▶ _ASSIGNMENT_
Restate all of the entries exactly, dropping any pictures they hold.

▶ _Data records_
_____

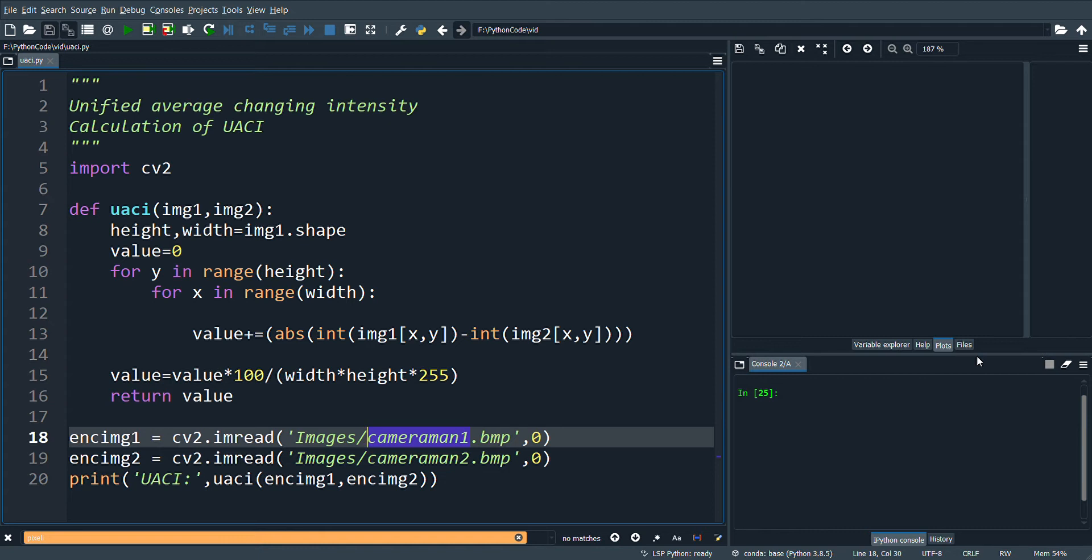The first cipher image is obtained by encrypting the original image. The second cipher image is obtained by changing one pixel value of the original image and then encrypting it.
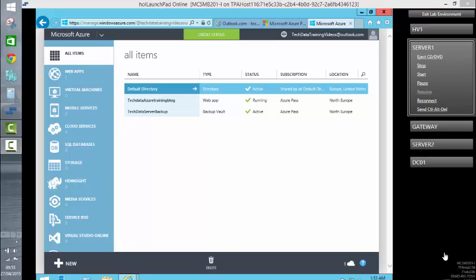In this particular video, we are going to look at creating an Azure Virtual Network.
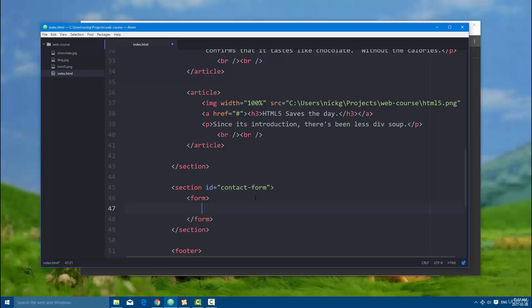So any input or any data that's user generated within this form is going to be stored in the same data set, and you can then use it for other reasons.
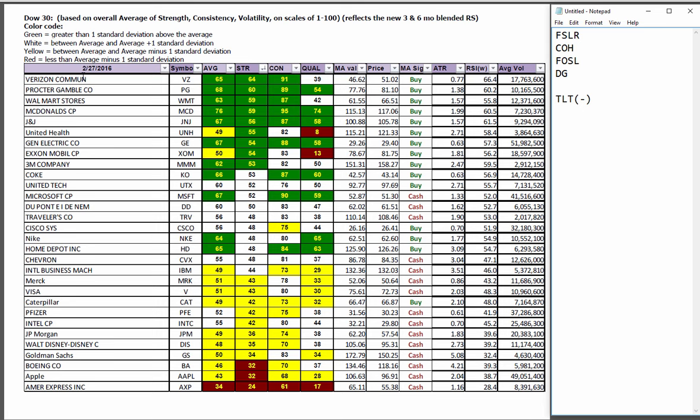In the Dow, strength leaders are those that are in green across the board. So it's still Verizon, Procter & Gamble, Walmart. And then weakness in Boeing, Apple, and American Express.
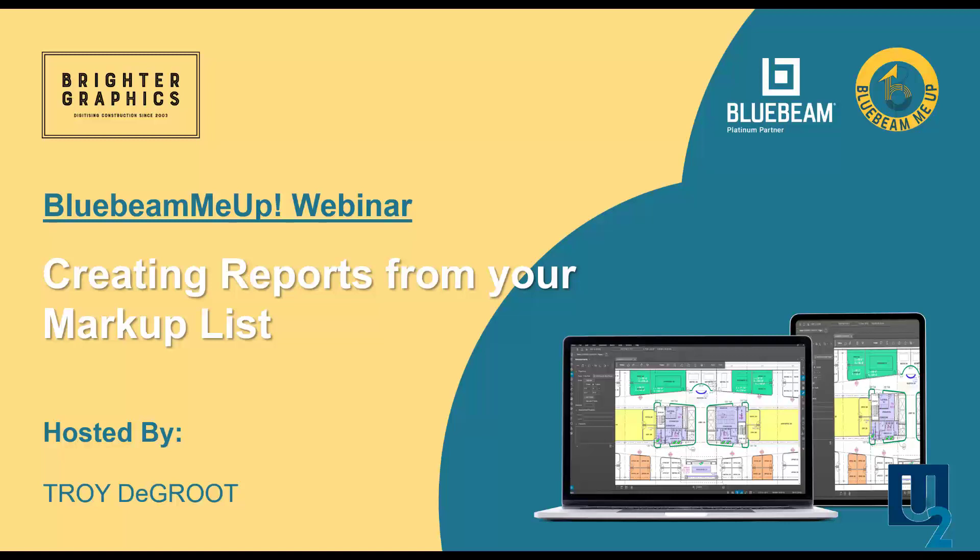Hello and welcome everyone to another Brighter Graphics Bluebeam Me Up webinar. Sean is traveling this week, so I get the honor of kicking things off again this month as we talk about creating reports from your markups list.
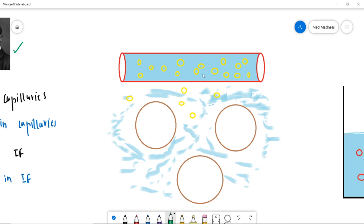The fluid in the blood exerts a pressure that pushes the fluid out of the capillaries, promoting filtration — this is the hydrostatic pressure in the capillaries. 'Hydro' means water. The little fluid in the interstitium pushes the fluid from the interstitium into the capillary — this is the hydrostatic pressure in the interstitium.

_____

▶ _WRITTEN SOLUTION_
The first cipher image is obtained by encrypting the original image. The second cipher image is obtained by changing one pixel value of the original image and then encrypting it.
In this particular video, we are going to look at creating an Azure Virtual Network.
So any input or any data that's user generated within this form is going to be stored in the same data set, and you can then use it for other reasons.
In the Dow, strength leaders are those that are in green across the board. So it's still Verizon, Procter & Gamble, Walmart. And then weakness in Boeing, Apple, and American Express.
Hello and welcome everyone to another Brighter Graphics Bluebeam Me Up webinar. Sean is traveling this week, so I get the honor of kicking things off again this month as we talk about creating reports from your markups list.
The fluid in the blood exerts a pressure that pushes the fluid out of the capillaries, promoting filtration — this is the hydrostatic pressure in the capillaries. 'Hydro' means water. The little fluid in the interstitium pushes the fluid from the interstitium into the capillary — this is the hydrostatic pressure in the interstitium.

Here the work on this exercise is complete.